Why Higher Dollar Means Bank of Canada Can Keep Interest Rates Unchanged
The Canadian dollar is on a tear, and some think that a correction is due, but over the longterm the CDN dollar is strong given the nature of the economy. Bank of Canada Governor Mark Carney has noted the trend but also considers it some good news if the Bank of Canada is going to fulfill their pledge to keep interest rates the same for another quarter.
So why is it a good thing that the dollar is high if you’re going to plan to keep interest rates the same?
Simply put, in a global economy the laws of supply and demand hold true for foreign currency trades just anything else.
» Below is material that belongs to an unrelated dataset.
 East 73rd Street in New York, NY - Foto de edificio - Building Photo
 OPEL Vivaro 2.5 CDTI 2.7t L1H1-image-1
So think about it for a moment: if the interest increase, that means that short term investments will adjust accordingly, and thus investment into Canadian financial instruments look better compared to other countries. As such, you’d find an increase in demand for the CDN currency thereby driving up the price.
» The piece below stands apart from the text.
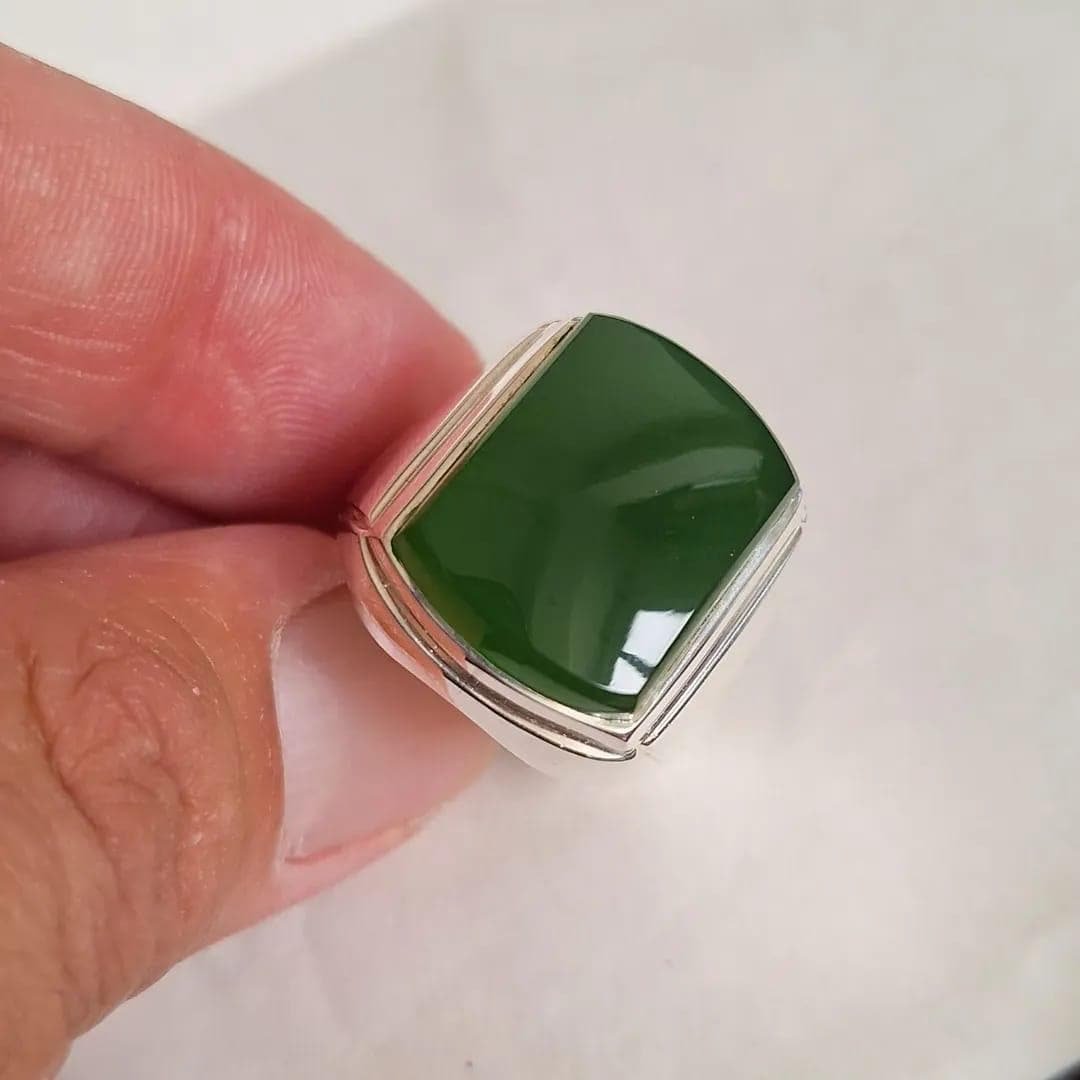 Handmade Green Yemeni Aqeeq Ring: Sterling Silver Islamic Jewelry - Image 5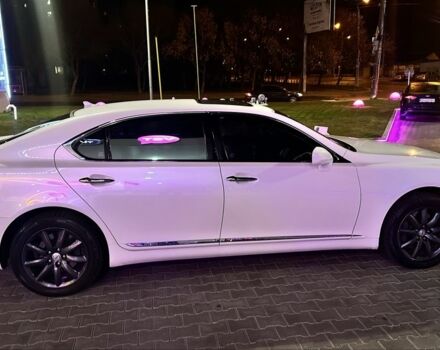 Білий Лексус ЛС, об'ємом двигуна 5 л та пробігом 330 тис. км за 11400 $, фото 2 на Automoto.ua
If the Canadian dollar is around par with the American Greenback, then keeping the interest rate unchanged won’t cause a short term jump in demand for CDN $. If the bank were to increase interest rates then you’d certainly see a spike in appreciation for the CDN $ vs. the USD $. Canadians would be paying less for American dollars, our exports would be more expensive, but we’d be able to import more.
So as it stands the Bank of Canada doesn’t mind the higher dollar as it gives another strong reason why they can keep the interest rate unchanged for at least another quarter.
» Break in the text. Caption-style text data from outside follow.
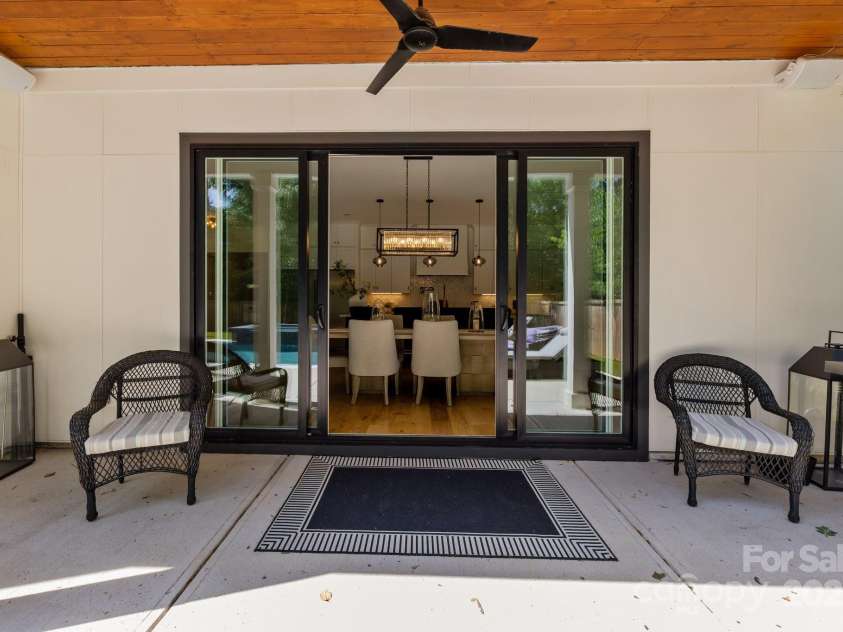 2121 Laburnum Avenue, Charlotte, NC 28205.  MLS# CAR4268870, YatesRealty ID 25048. 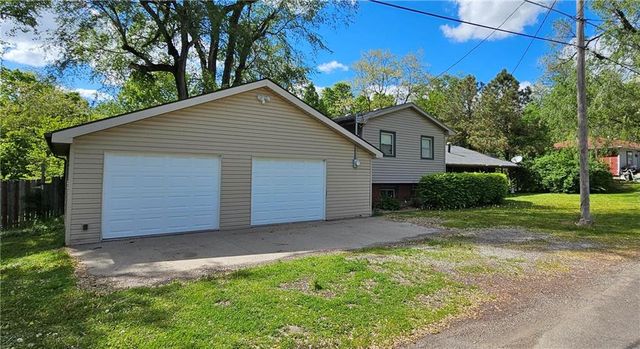 6004 Amazonia Road, St Joseph, MO 64505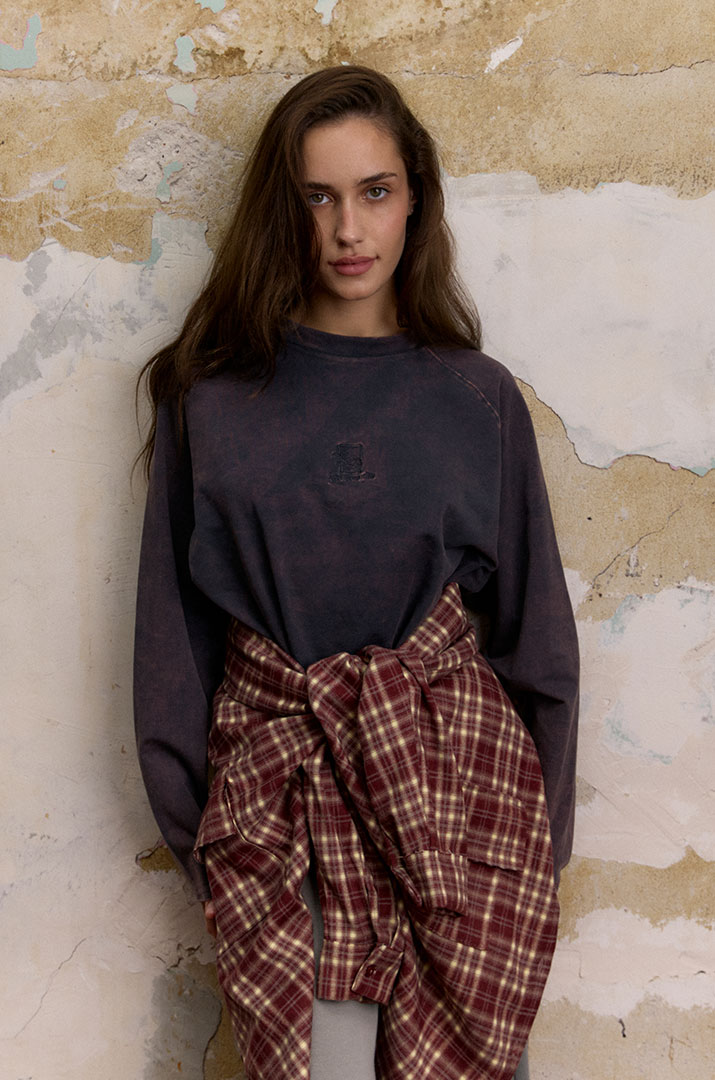 Лонгслів з вишивкою виварений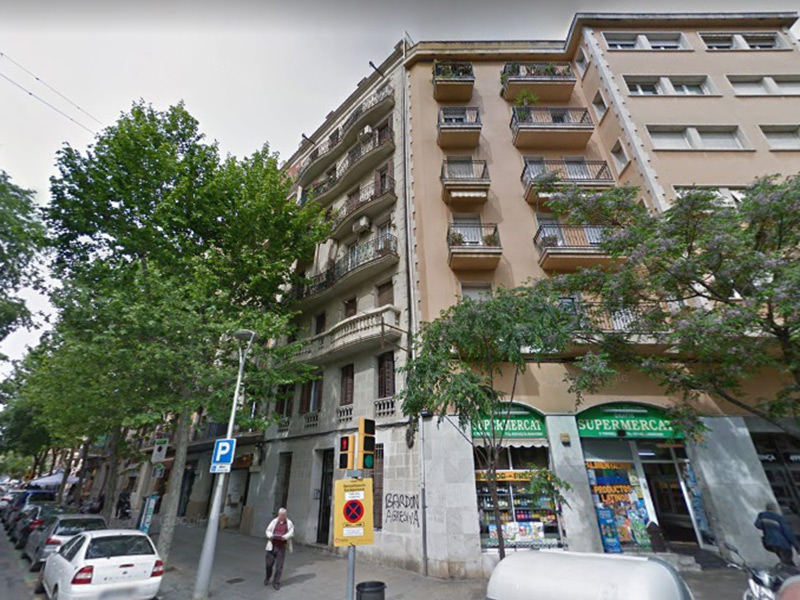 For renovation flat of 45.00 m2 in L'Eixample, Sagrada Familia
Today inflation data was released and it showed that inflation (a number that measures the overall change in a ‘basket’ of good) has increased beyond the 2% target of the Bank.
What does that mean and why does that increase inflation? To put simply (in theory), when prices increase that means you need MORE cash to buy the same thing. Thus you will demand (domestically and those abroad buying here) MORE cash. Increase in demand reduces supply of domestic currency and as such an appreciation occurs in the short term.
Now, that may be in the very short term, however, what happens if the price index goes up too much? 2% is the target for the Bank, since it’s above that means prices are increasing rapidly. The economy may be growing to fast essentially. Big purchases like houses may need a cool off. How would you do that? Simply increasing interest rates. But wouldn’t that appreciate the currency? Yes!
So now we have a conundrum. If the bank increases interest rates to slow down inflation and prevent the economy from growing bigger than can be sustained then the currency will appreciate. If they don’ move the currency stays the same, and then the economy grows at a faster rate (while keeping the export sector a bit happier).